Top of Data section

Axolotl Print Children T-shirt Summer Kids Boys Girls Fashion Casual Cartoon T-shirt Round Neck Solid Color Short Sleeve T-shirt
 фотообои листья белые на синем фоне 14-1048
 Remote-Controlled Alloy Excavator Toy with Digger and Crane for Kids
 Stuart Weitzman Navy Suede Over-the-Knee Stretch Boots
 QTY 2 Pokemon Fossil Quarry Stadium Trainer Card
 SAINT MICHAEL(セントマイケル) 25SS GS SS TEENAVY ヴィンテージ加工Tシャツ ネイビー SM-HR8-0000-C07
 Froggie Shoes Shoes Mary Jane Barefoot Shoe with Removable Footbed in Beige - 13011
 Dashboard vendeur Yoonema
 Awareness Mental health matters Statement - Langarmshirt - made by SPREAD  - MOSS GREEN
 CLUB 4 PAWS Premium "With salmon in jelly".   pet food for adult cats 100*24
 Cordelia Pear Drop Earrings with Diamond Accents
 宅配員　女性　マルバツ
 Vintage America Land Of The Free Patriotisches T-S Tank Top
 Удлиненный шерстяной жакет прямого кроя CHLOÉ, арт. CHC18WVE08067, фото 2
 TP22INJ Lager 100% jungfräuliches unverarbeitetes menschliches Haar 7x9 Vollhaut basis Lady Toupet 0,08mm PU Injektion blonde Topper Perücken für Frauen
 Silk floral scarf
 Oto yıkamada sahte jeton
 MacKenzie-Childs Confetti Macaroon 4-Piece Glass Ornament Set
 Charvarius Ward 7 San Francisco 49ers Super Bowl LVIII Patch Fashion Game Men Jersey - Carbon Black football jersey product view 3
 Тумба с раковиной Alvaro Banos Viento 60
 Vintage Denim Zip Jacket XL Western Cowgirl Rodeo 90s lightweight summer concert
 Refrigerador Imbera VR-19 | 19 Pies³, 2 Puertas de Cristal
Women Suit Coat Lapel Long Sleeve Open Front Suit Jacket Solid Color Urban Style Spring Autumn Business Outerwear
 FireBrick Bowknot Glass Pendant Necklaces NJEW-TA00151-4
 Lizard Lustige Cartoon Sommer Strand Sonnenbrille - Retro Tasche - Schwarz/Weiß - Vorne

Bottom of Data section

__Activity__: What is needed is an exact copy of the lines from the one containing "Stuart Weitzman Navy" through the last line of the records, and nothing else.

__Result__:
 Stuart Weitzman Navy Suede Over-the-Knee Stretch Boots
 QTY 2 Pokemon Fossil Quarry Stadium Trainer Card
 SAINT MICHAEL(セントマイケル) 25SS GS SS TEENAVY ヴィンテージ加工Tシャツ ネイビー SM-HR8-0000-C07
 Froggie Shoes Shoes Mary Jane Barefoot Shoe with Removable Footbed in Beige - 13011
 Dashboard vendeur Yoonema
 Awareness Mental health matters Statement - Langarmshirt - made by SPREAD  - MOSS GREEN
 CLUB 4 PAWS Premium "With salmon in jelly".   pet food for adult cats 100*24
 Cordelia Pear Drop Earrings with Diamond Accents
 宅配員　女性　マルバツ
 Vintage America Land Of The Free Patriotisches T-S Tank Top
 Удлиненный шерстяной жакет прямого кроя CHLOÉ, арт. CHC18WVE08067, фото 2
 TP22INJ Lager 100% jungfräuliches unverarbeitetes menschliches Haar 7x9 Vollhaut basis Lady Toupet 0,08mm PU Injektion blonde Topper Perücken für Frauen
 Silk floral scarf
 Oto yıkamada sahte jeton
 MacKenzie-Childs Confetti Macaroon 4-Piece Glass Ornament Set
 Charvarius Ward 7 San Francisco 49ers Super Bowl LVIII Patch Fashion Game Men Jersey - Carbon Black football jersey product view 3
 Тумба с раковиной Alvaro Banos Viento 60
 Vintage Denim Zip Jacket XL Western Cowgirl Rodeo 90s lightweight summer concert
 Refrigerador Imbera VR-19 | 19 Pies³, 2 Puertas de Cristal
Women Suit Coat Lapel Long Sleeve Open Front Suit Jacket Solid Color Urban Style Spring Autumn Business Outerwear
 FireBrick Bowknot Glass Pendant Necklaces NJEW-TA00151-4
 Lizard Lustige Cartoon Sommer Strand Sonnenbrille - Retro Tasche - Schwarz/Weiß - Vorne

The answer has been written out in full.